Üsküdar Üniversitesi Kurucu Rektörü, Psikiyatrist Prof. Dr. Nevzat Tarhan’dan Karne Alan Öğrenciler İçin Tavsiyeler
İlkokul ve ortaokul öğrencileri karnelerini aldılar ve 3 haftalık ara tatilleri başladı. Çocukların sadece karnedeki notları değerlendirilmemeli, güçlü ve zayıf yönlerinin ne olduğu düşünülmeli. Nevzat Tarhan, “Şunu hiç bir zaman unutmamalıyız, hayat başarısı akademik başarı ile ahlaki başarının toplamıdır. Karneyi dahi aile değerlerinin en önemlileri şefkat ve nezaketi koruyarak ele almalıyız. Şu anda gençlerin anladığı dil ikna ve inandırma yöntemidir. Takdir ve övgü yöntemleridir. O da olumlu yönleri üzerine olmalı. Kişiliği değil, davranış ve çabaları övülmelidir” tavsiyesinde bulundu.
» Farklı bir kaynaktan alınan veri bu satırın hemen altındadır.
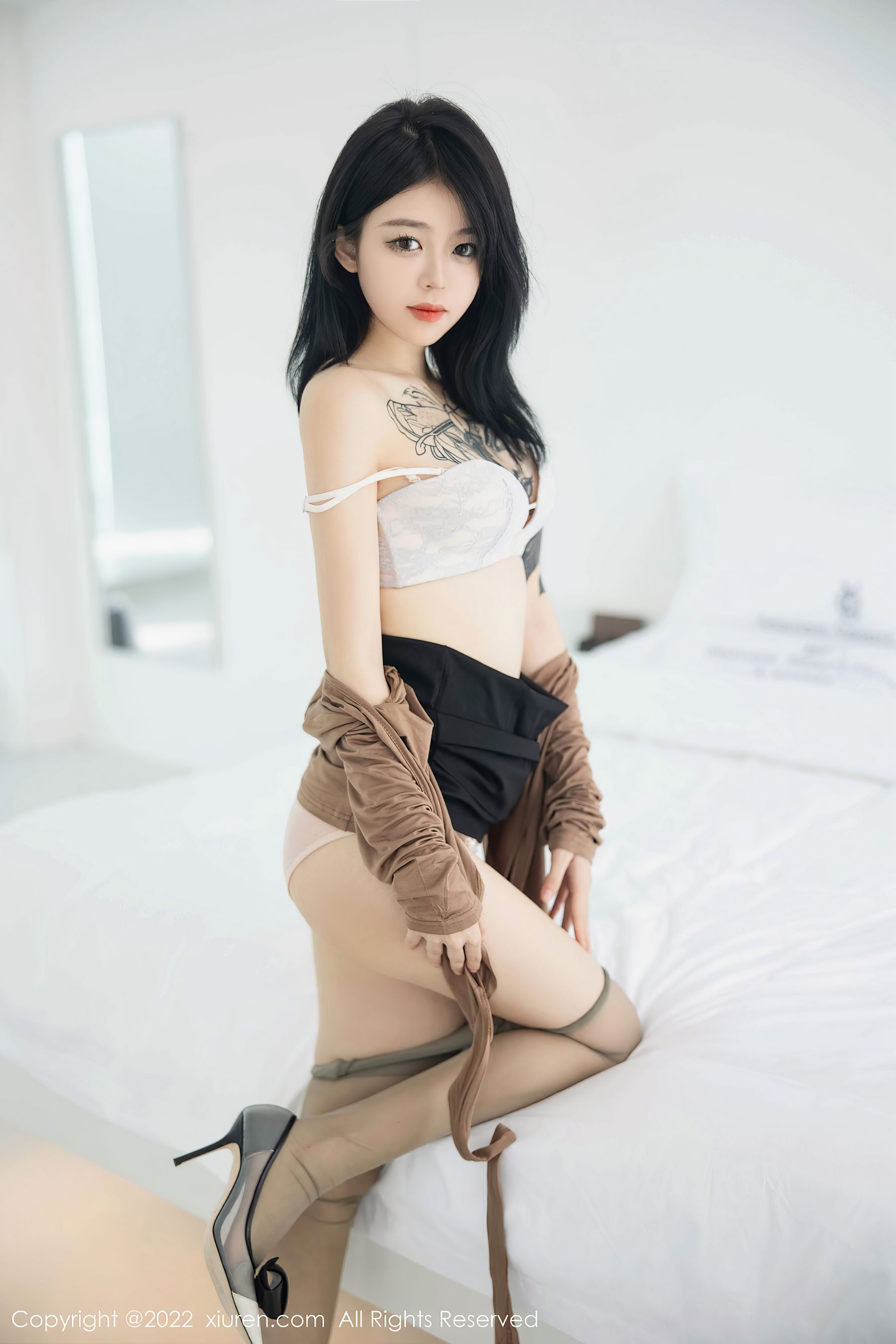 [秀人XiuRen] No.5587 奶瓶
Pandemi dolayısıyla bunalan çocuklara, karne yüzünden tepki göstermek onlarla aramıza duvar örmemize neden olacaktır. Ailelerden birçok soru aldığını ifade eden Tarhan, “Ailelerimizin bize sordukları şu: Çocuklarımız bu dönemi nasıl telafi edecekler? Aileler akademik başarıyı hiç düşünmesinler. Onu eğitim sistemimizdeki şu andaki bu sene sınava gireceklerde bu seneki ders notunun sınava etkisi düşürülerek adil çözümler üretilebilir. Çünkü burada internete erişim eşitliği tam olmadı. Özel okullar daha avantajlı durumda. O bakımdan daha sıkıntılı durumda. Böyle durumlarda eğitim sistemimizin sınavdaki puan yükünü daha düşük tutmak gibi önlemler muhakkak alınır. Ölçme ve değerlendirme sistemimizde bununla ilgili ayarlar yapılır. O yönden eğitim konusunda endişelenmesinler” dedi.
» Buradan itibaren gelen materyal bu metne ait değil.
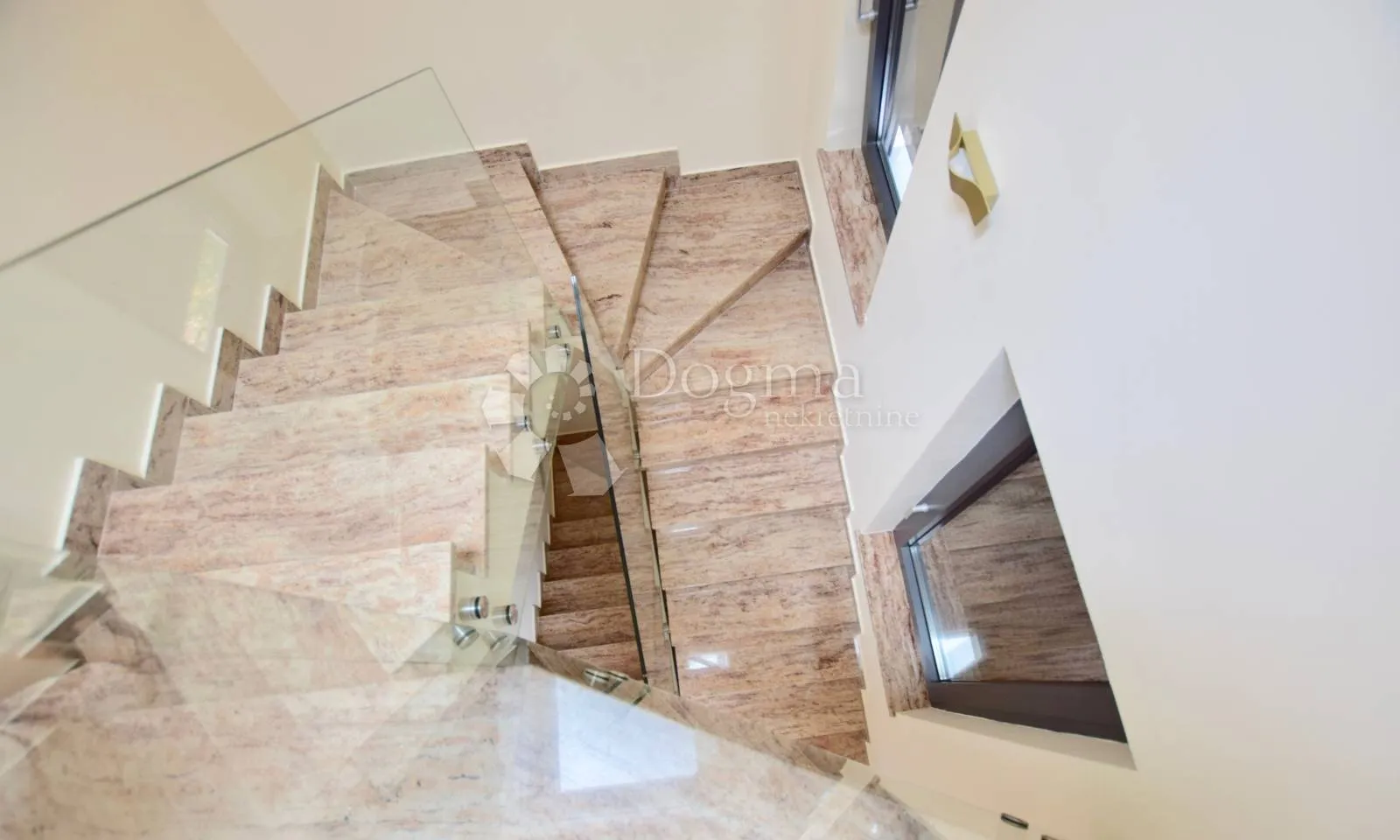urbana obiteljska villa, malinska - slika 15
Bu dönemde alınan düşük notlar elbette telafi edilecektir, ancak çocukların ruh sağlığının bozulması sonrası telafisi daha zordur. “0-12 yaş grubu içerisinde çocuklar anne ve babaya bakarlar. Onları gözlemlerler. Baba panik değil, rahatsa evde huzurlu bir ortam varsa o çocuklar için sokakta ya da şurada burada olmak önemli değildir. Online dersin devam edip etmemesi hiç önemli değildir. Çocuk evde çok mutlu olur hatta bazen anne ve baba çok evde olup müdahale edip karışıyorlar diye ‘Anne baba siz gezin, biz iyiyiz’ diyen çocuklara da rastlayabiliyoruz. Bu nedenle çocuklarda çok ciddi bir adaptasyon yeteneği vardır, bu yaş gruplarında. Hızla uyum sağlarlar. Evde huzurlu bir iklim oluşturmaya odaklanalım şu anda. Evin sıcak ve keyifli bir alan olması haline gelecektir”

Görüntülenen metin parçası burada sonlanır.